7. Dixon, W. J. and F. J. Massey. *Introduction to Statistical Analysis*. New York: McGraw-Hill, 1969.

## Comments

## Charts indicating stability

Interesting question; I believe that if both charts are free of signals, that does by definition imply a state of statistical control. It's highly likely in that case that the system (at least for that time period) was acted upon only by common cause factors. I have always used those criteria, tests and decisions as my operational definition of "a state of statistical control" or "stability."

## Still not sure...

I'm still not sure what you're saying here, John. Does not an in-control R or S chart imply the presence of only common cause variation?

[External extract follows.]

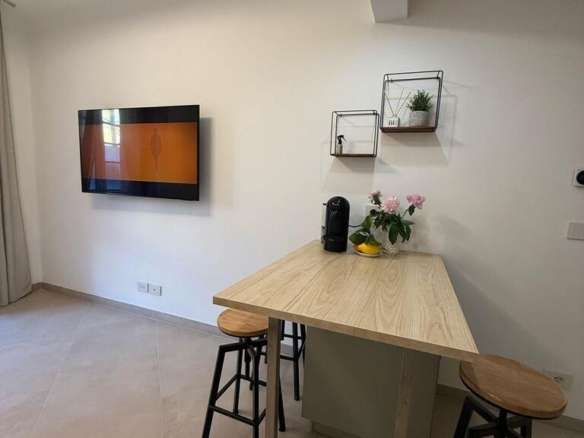 Современная уютная кухня с деревянным столом и барными стульями, телевизором и декоративными полками, создающими стильное пространство для отдыха и общения.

I agree that to look at capability you have to examine the distribution of individuals, not averages, but I believe that is a different question.

## s-chart and stability

Rip,

A stable s-chart implies that the factors that control the variance are only experiencing common cause varuation. However the system itself could still be unstable if the factors that control location were experiencing special cause variation i.e., the mean was unstable.

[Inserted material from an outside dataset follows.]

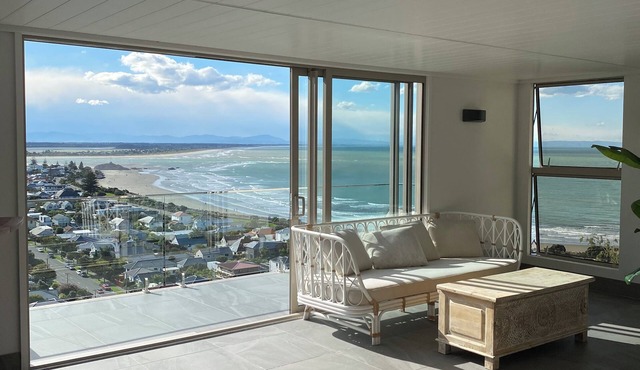 Ocean-view escape: 4 bedrooms, heated pool, sauna, and expansive terraces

An interesting case is the x-chart where all the information about the process is in the chart (i.e., it is a sufficient statistic). Then if the x-chart is stable, does that imply the both the mean and variance are experienceing only common cause variation?

Regards,

John

## Correction

Sorry...I replied in the wrong place, and now I see I answered the wrong question. If the x-chart is stable, but the dispersion chart contains signals, that does not imply stabiity of the mean or the variance. The average dispersion is the basis for the limits in both charts; an out-of-coontrol dispersion chart implies that the limits for the averages chart are inflated, and could thus be masking signals in that chart.

## Rip, Sorry, I had a typo in

Rip, Sorry, I had a typo in the sentence. "To determine the correct status of the process, we must look at the control chart of the individual observations, not the DISTRIBUTION of subgroup means." That is distribution shape does not imply common cause. Also, your statement about in-control R or S charts is correct.

## Typo fixed in text

## Steve and Rip, The Central

Steve and Rip,

The Central Limit Theorem tells us that the subgroup means will be approximately normally distributed, but just because this distribution is normal does not imply common cause variation of the system. The same is true for individual observations.

## Individual Charts

Thanks for the article. I do not agree with the statement: "To determine the correct status of the process, we must look at the control chart of the individual observations, not the subgroup means"

I don't see why it follows that just because the means from a STABLE process follow a normal distribution, why that would lead you to disqualify the use of an averages chart for assessing the process stability. Certainly means from an unstable process do not necessarily follow a bell. And if we are sampling correctly (to capture common cause variation only, the xbar chart should certainly detect the instability.

A fundamental issue with individual charts is that they do NOT detect small process changes quickly. Conversely. charts of averages can detect small process changes by determining the appropriate sample size. Many of my clients need to detect much smaller process changes than can be detected quickly/reliability with an "I chart", so Xbar charts are much more useful. Where sampling is costly, a CUSUM chart on the individuals may be used.

## Great point

I used to teach ASQ Black Belt exam prep classes using the Black Belt Primers from QCI. They contained an example that stated that one could determine stability by looking at a histogram. I don't know whether they have corrected that or not.

I think I agree with Steve, but I'd have to know what you meant by "status" of the process. I don't know of any practical utility in running an XmR chart on data for an XBarR chart, unless you have a rule seven violation. If you've subgrouped well, and the XbarR chart shows a stable process, then you have a stable process. If you want to know the shape of the underlying data, then a discrete plot or a histogram will tell you that (but it still won't say anything about stability).